▶ [Task instructions] Reproduce the section of the listing that begins at the line containing "Dwarf family harvesting" and finishes at the line containing "Harp XIXth Century". Include both end lines and nothing beyond them.

━━━━━━━━

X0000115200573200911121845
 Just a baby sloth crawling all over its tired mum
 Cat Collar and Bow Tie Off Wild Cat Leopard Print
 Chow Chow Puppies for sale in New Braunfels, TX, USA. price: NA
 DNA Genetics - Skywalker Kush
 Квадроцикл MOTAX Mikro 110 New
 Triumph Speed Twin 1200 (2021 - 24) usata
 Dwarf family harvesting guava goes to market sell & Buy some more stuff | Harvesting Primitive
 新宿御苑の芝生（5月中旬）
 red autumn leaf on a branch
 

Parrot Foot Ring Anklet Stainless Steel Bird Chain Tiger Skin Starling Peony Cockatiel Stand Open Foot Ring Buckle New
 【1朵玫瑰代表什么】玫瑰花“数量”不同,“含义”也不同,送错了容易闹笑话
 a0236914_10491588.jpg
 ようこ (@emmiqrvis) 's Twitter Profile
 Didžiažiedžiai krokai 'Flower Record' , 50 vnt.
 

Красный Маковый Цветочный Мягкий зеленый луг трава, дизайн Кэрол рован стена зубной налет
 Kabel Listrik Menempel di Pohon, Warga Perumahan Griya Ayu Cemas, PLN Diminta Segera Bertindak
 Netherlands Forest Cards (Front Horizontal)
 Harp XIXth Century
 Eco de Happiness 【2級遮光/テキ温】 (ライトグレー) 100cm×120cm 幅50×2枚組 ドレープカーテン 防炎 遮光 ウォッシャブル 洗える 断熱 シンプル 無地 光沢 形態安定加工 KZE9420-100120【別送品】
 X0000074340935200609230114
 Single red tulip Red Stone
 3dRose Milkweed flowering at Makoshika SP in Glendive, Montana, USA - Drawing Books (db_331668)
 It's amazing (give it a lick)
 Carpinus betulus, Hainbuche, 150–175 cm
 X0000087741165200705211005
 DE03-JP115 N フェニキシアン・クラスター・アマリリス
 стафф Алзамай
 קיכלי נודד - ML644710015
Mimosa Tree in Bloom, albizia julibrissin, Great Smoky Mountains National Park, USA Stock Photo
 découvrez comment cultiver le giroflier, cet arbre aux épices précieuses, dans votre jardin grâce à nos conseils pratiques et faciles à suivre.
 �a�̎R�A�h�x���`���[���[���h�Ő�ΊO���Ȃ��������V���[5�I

━━━━━━━━

▶ [Answer]
 Dwarf family harvesting guava goes to market sell & Buy some more stuff | Harvesting Primitive
 新宿御苑の芝生（5月中旬）
 red autumn leaf on a branch
 

Parrot Foot Ring Anklet Stainless Steel Bird Chain Tiger Skin Starling Peony Cockatiel Stand Open Foot Ring Buckle New
 【1朵玫瑰代表什么】玫瑰花“数量”不同,“含义”也不同,送错了容易闹笑话
 a0236914_10491588.jpg
 ようこ (@emmiqrvis) 's Twitter Profile
 Didžiažiedžiai krokai 'Flower Record' , 50 vnt.
 

Красный Маковый Цветочный Мягкий зеленый луг трава, дизайн Кэрол рован стена зубной налет
 Kabel Listrik Menempel di Pohon, Warga Perumahan Griya Ayu Cemas, PLN Diminta Segera Bertindak
 Netherlands Forest Cards (Front Horizontal)
 Harp XIXth Century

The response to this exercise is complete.